Everything between <<SUBMITSCRIPT and SUBMITSCRIPT will get passed to sbatch as if it were a separate script file.

If you do use this approach, note that you must escape any variables! (e.g., \$VAR). This won’t work:

#+BEGIN_SRC bash :results output
  sbatch <<SUBMITSCRIPT
  #!/bin/bash
  #SBATCH --job-name=bad_HEREDOC
  <...>

  NAME=TYLER
  echo $NAME

  SUBMITSCRIPT
#+END_SRC

But this will (note the backslash in front of the $):

#+BEGIN_SRC bash :results output
  sbatch <<SUBMITSCRIPT
  #!/bin/bash
  #SBATCH --job-name=good_HEREDOC
  <...>

  NAME=TYLER
  echo \$NAME

  SUBMITSCRIPT
#+END_SRC

A further wrinkle: this uses a heredoc, and heredocs need to write a temp file. By defaul this goes in /tmp, and in some cases /tmp may be full. If that happens, you’ll get an error

cannot create temp file for here-document: No space left on device

All users can write to /tmp, so you can’t fix this yourself. You can change the location where your heredoc gets written, though:

#+BEGIN_SRC bash :results output
  export TMPDIR=/path/to/your/personal/tmp/directory
  sbatch <<SUBMITSCRIPT
  #!/bin/bash
  #SBATCH --job-name=good_HEREDOC
  <...>

  NAME=TYLER
  echo \$NAME

  SUBMITSCRIPT
#+END_SRC

You may set this permanently by adding the export TMPDIR=... line to your .bashrc on GPSC.

Once a job is submitted, the ID will appear in your local .org file, e.g.:

#+RESULTS:
: Submitted batch job 1385545

You can retrieve info on the run with:

#+BEGIN_SRC bash :results output 
sacct --jobs=1385545 --format=jobid,jobname,state,elapsed,MaxRSS
#+END_SRC

In my case, this generated:

#+RESULTS:
: JobID           JobName      State    Elapsed     MaxRSS 
: ------------ ---------- ---------- ---------- ---------- 
: 1385545      slurm_tes+  COMPLETED   00:00:07 
: 1385545.bat+      batch  COMPLETED   00:00:07      2096K 
: 1385545.ext+     extern  COMPLETED   00:00:07      2088K

Use the format argument to request which details to report.
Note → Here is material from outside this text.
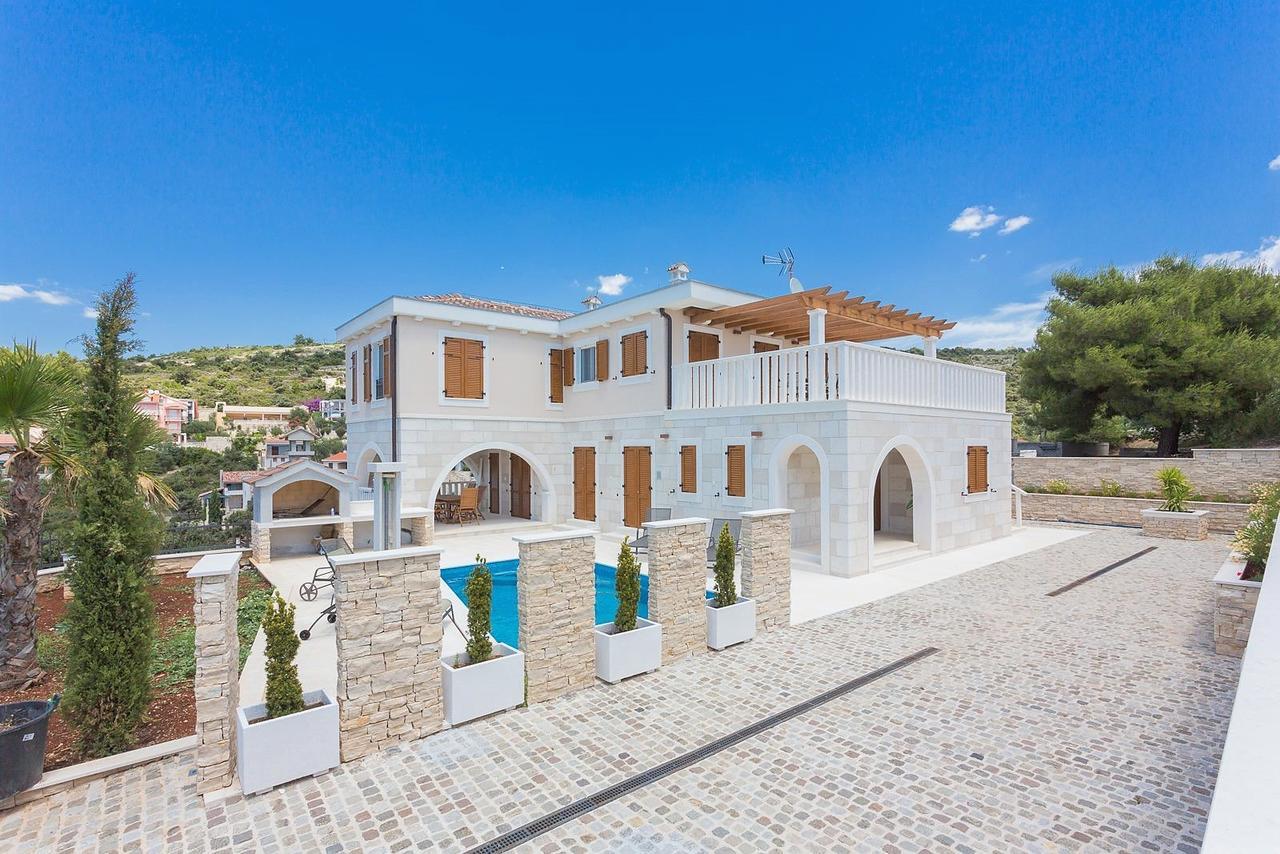 Villa Elena Севід Екстер'єр фото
MaxRSS is the maximum amount of RAM used during the run. Other options are available via sacct --helpformat, with more details in the slurm manual.

Note that GPSC doesn’t provide the seff command, which you may have used on other clusters.

Linking to files on the remote server

It may be more convenient to manage more complex scripts as stand-alone .sh files on the GPSC. If the configuration above works for you, you can insert a link to remote files in your org file with the syntax:

[[file:/ssh:gpsc:~/path/to/script.sh][My Script]]

This will create a ‘hotlink’ in your file you can click to open that file in your local Emacs. The default keyboard shortcut for entering links is C-c C-l.

That will allow you to edit the remote file as if it were local. When you’re ready to submit it, you can do that from your local .org file:

#+BEGIN_SRC bash :results output
sbatch script.sh
#+end_src

Note that the location of your script will be relative to the directory you listed in your file header.